The problem here is that Breitbart's mission wasn't so much to report news about Ms. Lynch, but to dig up and report potentially damaging news about her. And that zeal led to a kind of sloppiness that almost certainly wouldn't have happened had it been a Republican nominee -- because they never would've sought out such information to begin with.
 
Well, see below.

I think I might offer one possible explanation.

It's been kind of fascinating for me to watch the emergence of Fox News in the past 20 or so years. To most engaged liberals, FNC is a lying right-wing propaganda outlet. To most engaged conservatives, it lives up to its billing as being "fair and balanced."

I think both those takes are wrong. I just think it's a right-leaning media outlet -- in that it's going to favor takes which are supportive of conservative causes and hostile to liberal causes. If the folks at Fox are actually serious about the "fair and balanced" thing, then they suffer from the same delusion as people at other (mostly left-learning) media outlets....pretty much all of whom, along with Fox, claim objectivity with a straight face.

This doesn't necessarily make any of them dishonest. Bias and dishonesty are related, but they're ultimately two different things. A story can be entirely factual and still be biased in its language or framing, choice of sources and quotes, what it leaves out, etc.

I suspect that most liberals don't have a hard time seeing this when it comes to conservatives being duped by fake or embellished stories that validate what they believe. But, you know, it wasn't that long ago that a number of my liberal friends on Facebook were passing around a bogus story about Rick Santorum and gay porn (if I recall).

The story was believable to them, and didn't set off their BS meters, because it validated their worst suspicions about Rick Santorum and people like him.

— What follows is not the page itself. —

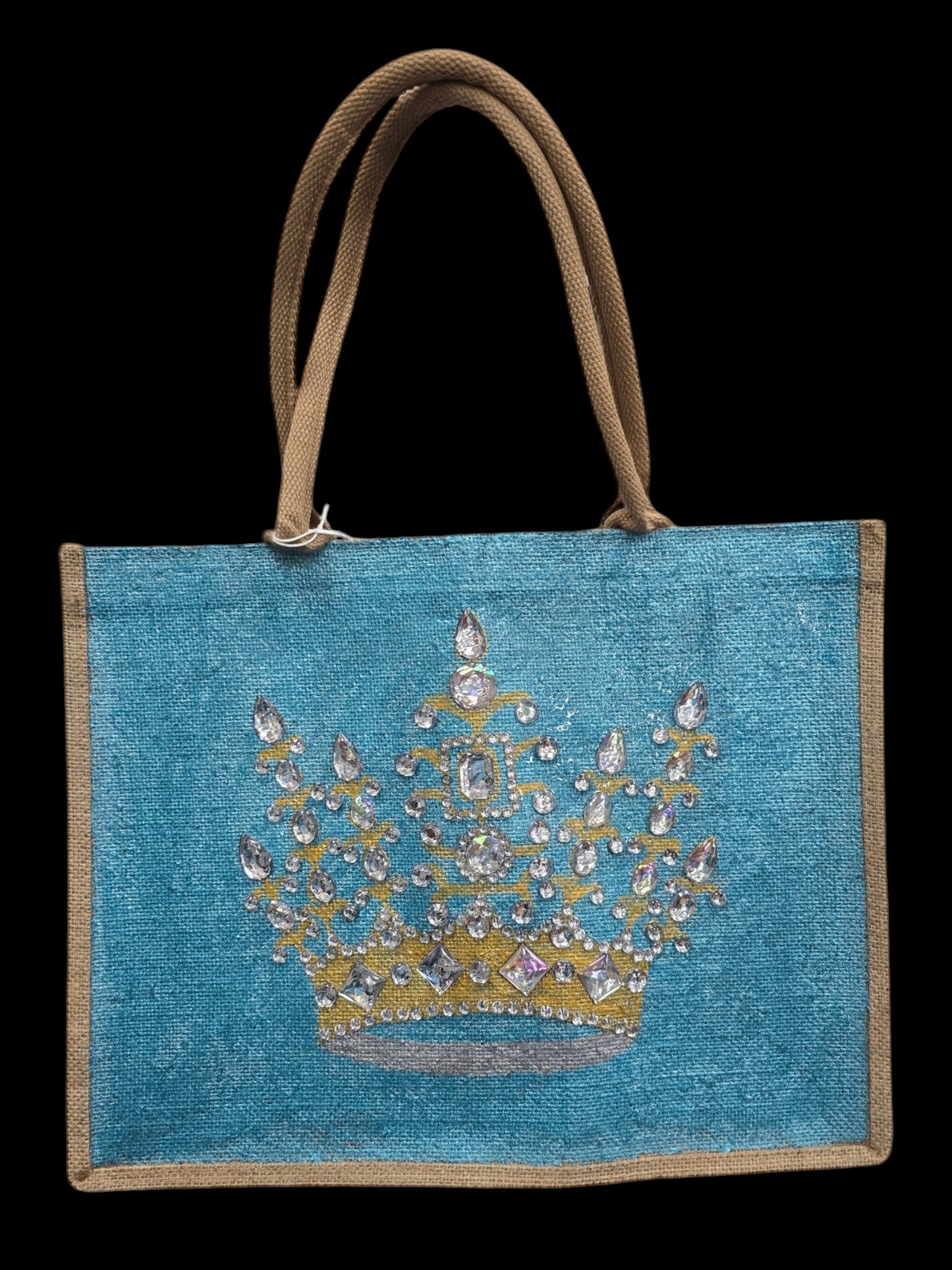 gold crown tote bag, metallic turquoise tote bag, queen tote bag, princess tote bag, beaded crown jute bag, eco-friendly tote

Ultimately, this comes down to people confusing a keen nose for news with a desperate thirst for validation.
This post was edited on 11/10 5:04 PM by crazed_hoosier2
 
Laura Logan and Benghazi

I was thinking wasn't she and her producer suspended for mistakes on their Benghazi report on 60 Minutes? It CAN happen both ways.
 
Re: Well, see below.


Originally posted by crazed_hoosier2:
A story can be entirely factual and still be biased in its language or framing, choice of sources and quotes, what it leaves out, etc.

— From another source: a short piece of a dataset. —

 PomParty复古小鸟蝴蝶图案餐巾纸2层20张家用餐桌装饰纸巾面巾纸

This post was edited on 11/10 5:04 PM by crazed_hoosier2
I think this is where most of the biases occur in the media. They tell part of the story or tell it out of context.

People (both conservatives and liberals) forward emails that make the people they don't like look bad without ever checking anything out. Some of my family is conservative and some are liberal. I now get emails (false) about Obama but when Bush was in office I got false emails from the liberal side of my family. I've always thought there were enough facts out there to make most politicians look bad so why forward false stuff.
 
Crazed, You sort of dodged Fro's question...

...which was,

Why does someone critical towards mainstream news,
blindly accept some chain e-mail, dubious blog site, talk radio
personality or TV network?

I've got several friends and relatives who don't have time for mainstream news but fall hook line and sinker for dubious e-mails.

Vertical news sources aren't trusted while horizontal sources including social websites are deemed reliable.
 
I didn't mean to

I would say that people -- particularly those who are passionate about their worldview -- tend to be susceptible to swallowing whole any information (or misinformation, as the case may be) that validates those world-views and wary of those which do not.